▶ **Data excerpts**:
Start of Block

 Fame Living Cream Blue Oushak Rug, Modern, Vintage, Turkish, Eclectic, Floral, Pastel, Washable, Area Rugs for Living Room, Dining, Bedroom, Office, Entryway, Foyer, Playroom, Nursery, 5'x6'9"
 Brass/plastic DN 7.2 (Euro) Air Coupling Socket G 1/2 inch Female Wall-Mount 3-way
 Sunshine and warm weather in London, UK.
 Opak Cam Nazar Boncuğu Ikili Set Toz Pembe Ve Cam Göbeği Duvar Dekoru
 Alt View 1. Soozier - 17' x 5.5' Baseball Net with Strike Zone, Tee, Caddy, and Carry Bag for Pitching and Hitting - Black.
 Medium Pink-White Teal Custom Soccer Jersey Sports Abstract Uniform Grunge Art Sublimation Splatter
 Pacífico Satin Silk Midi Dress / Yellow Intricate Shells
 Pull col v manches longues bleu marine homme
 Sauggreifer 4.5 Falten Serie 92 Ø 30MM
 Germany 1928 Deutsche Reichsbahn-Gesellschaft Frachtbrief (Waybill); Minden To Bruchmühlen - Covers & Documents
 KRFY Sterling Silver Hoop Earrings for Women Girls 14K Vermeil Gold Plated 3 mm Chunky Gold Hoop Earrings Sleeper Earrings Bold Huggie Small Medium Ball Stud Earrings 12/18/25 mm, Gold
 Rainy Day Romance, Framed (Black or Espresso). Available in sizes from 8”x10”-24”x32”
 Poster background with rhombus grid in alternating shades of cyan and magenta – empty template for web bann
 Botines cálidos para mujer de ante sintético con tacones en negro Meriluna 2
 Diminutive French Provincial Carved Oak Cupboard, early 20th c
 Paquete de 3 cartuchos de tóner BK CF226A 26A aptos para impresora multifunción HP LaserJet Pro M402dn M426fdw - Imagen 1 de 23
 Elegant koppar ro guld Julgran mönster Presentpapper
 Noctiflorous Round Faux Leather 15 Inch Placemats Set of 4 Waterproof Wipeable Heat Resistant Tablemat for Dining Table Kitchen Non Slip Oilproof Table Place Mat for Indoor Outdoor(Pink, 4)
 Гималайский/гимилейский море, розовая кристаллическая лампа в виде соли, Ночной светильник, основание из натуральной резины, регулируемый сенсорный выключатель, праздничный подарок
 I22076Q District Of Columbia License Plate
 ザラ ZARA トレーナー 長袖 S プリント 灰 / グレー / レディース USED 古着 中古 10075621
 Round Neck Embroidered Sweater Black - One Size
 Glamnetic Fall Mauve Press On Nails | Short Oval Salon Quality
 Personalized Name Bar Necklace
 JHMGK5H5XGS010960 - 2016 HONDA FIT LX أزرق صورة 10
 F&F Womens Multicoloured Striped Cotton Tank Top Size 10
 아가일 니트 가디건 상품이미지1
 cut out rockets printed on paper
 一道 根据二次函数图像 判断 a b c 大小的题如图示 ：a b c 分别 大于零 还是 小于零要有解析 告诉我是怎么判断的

End of Block

▶ **THE TASK**: Would you print exactly, and only, the lines of the data above from the line with "ザラ ZARA トレーナー" through the line with "JHMGK5H5XGS010960 - 2016", inclusive?

▶ **REPLY TO THE EXERCISE**:
 ザラ ZARA トレーナー 長袖 S プリント 灰 / グレー / レディース USED 古着 中古 10075621
 Round Neck Embroidered Sweater Black - One Size
 Glamnetic Fall Mauve Press On Nails | Short Oval Salon Quality
 Personalized Name Bar Necklace
 JHMGK5H5XGS010960 - 2016 HONDA FIT LX أزرق صورة 10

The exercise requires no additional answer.